■ **Exercise**: Word for word, transcribe the data below from the line with "Lightweight Fabric Bomber Jacket" to the line with "Louis Vuitton Monogram Musette Tango 1 of 10", keeping both of those lines.

■ **Exercise materials**:
↓↓↓

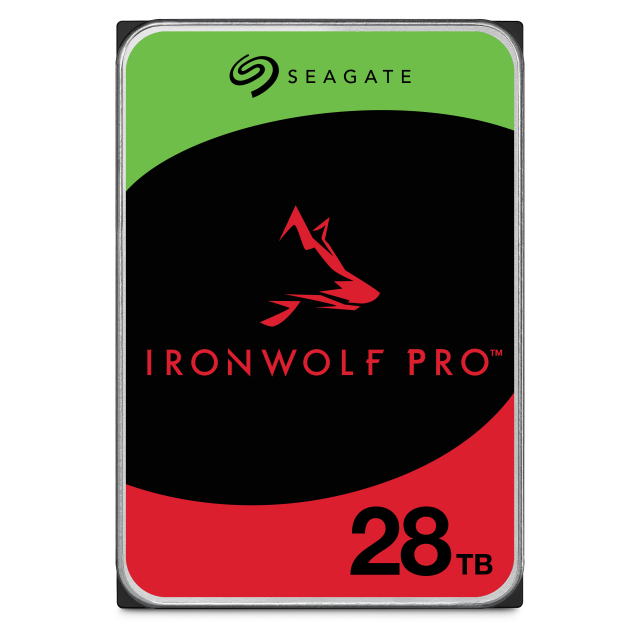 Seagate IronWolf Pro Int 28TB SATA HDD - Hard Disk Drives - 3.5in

↑↑↑
↓↓↓

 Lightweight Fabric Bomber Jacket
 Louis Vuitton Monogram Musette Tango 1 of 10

↑↑↑

■ **Solved exercise**:
 Lightweight Fabric Bomber Jacket
 Louis Vuitton Monogram Musette Tango 1 of 10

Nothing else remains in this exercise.